__SUPPLIED ENTRIES__.
▽
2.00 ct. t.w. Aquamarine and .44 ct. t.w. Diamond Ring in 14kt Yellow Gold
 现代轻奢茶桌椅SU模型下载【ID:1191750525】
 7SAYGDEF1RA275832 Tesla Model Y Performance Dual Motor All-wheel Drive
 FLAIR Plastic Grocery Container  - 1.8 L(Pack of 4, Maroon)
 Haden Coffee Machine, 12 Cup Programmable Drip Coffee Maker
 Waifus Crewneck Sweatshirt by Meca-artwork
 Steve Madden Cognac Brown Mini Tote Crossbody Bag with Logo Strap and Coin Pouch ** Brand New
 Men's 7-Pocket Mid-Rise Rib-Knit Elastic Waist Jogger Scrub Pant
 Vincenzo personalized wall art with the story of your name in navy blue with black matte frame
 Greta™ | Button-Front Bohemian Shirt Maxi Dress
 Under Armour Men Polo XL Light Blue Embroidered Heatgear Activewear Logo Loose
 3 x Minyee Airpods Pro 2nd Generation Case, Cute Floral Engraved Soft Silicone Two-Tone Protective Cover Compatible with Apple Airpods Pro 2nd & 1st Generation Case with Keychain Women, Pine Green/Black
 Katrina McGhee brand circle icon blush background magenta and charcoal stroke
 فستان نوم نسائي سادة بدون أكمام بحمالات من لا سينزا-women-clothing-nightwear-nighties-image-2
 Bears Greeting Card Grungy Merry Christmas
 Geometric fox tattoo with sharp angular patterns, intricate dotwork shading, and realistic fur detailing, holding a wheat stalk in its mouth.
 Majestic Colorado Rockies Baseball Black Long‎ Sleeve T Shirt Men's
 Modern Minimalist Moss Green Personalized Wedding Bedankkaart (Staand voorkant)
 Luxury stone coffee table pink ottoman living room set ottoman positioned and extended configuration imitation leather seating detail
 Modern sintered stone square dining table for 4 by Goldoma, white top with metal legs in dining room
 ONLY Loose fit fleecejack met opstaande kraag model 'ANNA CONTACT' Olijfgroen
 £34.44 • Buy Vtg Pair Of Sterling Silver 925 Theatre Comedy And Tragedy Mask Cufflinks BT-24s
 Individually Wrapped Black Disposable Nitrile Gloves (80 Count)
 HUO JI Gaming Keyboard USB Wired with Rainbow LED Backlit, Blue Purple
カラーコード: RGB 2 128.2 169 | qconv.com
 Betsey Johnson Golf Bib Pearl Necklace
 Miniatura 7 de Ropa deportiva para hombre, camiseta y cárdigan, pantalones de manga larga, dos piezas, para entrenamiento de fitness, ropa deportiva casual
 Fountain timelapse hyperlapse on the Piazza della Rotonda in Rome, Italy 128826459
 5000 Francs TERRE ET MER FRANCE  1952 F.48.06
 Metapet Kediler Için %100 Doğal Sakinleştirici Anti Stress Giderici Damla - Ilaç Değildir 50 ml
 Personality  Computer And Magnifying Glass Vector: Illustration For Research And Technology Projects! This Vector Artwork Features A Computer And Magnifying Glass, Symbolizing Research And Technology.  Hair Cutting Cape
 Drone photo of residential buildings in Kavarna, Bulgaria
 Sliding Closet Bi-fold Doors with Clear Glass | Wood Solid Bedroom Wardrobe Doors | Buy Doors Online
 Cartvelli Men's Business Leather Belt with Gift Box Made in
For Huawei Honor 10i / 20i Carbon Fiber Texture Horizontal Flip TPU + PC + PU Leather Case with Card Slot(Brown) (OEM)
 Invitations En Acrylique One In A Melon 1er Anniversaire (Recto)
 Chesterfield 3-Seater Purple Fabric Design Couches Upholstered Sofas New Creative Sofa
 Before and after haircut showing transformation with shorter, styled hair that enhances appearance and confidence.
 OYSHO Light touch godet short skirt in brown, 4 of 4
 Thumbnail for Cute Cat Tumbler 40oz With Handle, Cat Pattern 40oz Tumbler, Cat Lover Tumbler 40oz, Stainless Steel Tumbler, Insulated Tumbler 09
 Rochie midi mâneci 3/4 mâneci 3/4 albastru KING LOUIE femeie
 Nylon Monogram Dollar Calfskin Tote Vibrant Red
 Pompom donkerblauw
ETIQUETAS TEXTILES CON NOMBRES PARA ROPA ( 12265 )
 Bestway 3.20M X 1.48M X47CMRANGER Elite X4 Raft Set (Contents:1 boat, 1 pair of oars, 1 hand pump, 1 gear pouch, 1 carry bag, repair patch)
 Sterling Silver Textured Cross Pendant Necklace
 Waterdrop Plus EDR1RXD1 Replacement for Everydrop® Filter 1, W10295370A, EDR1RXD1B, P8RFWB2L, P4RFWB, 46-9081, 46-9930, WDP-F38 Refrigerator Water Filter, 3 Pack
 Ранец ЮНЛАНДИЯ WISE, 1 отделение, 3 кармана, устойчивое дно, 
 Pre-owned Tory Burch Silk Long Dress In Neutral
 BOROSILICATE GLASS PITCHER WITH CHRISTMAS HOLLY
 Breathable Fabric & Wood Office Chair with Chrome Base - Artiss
△
__GOAL OF THE EXERCISE__. Please return exactly the lines from the opening line of the data above through the line with "Greta™ | Button-Front", both included and nothing else.

__OUTPUT FOR THIS TASK__.
2.00 ct. t.w. Aquamarine and .44 ct. t.w. Diamond Ring in 14kt Yellow Gold
 现代轻奢茶桌椅SU模型下载【ID:1191750525】
 7SAYGDEF1RA275832 Tesla Model Y Performance Dual Motor All-wheel Drive
 FLAIR Plastic Grocery Container  - 1.8 L(Pack of 4, Maroon)
 Haden Coffee Machine, 12 Cup Programmable Drip Coffee Maker
 Waifus Crewneck Sweatshirt by Meca-artwork
 Steve Madden Cognac Brown Mini Tote Crossbody Bag with Logo Strap and Coin Pouch ** Brand New
 Men's 7-Pocket Mid-Rise Rib-Knit Elastic Waist Jogger Scrub Pant
 Vincenzo personalized wall art with the story of your name in navy blue with black matte frame
 Greta™ | Button-Front Bohemian Shirt Maxi Dress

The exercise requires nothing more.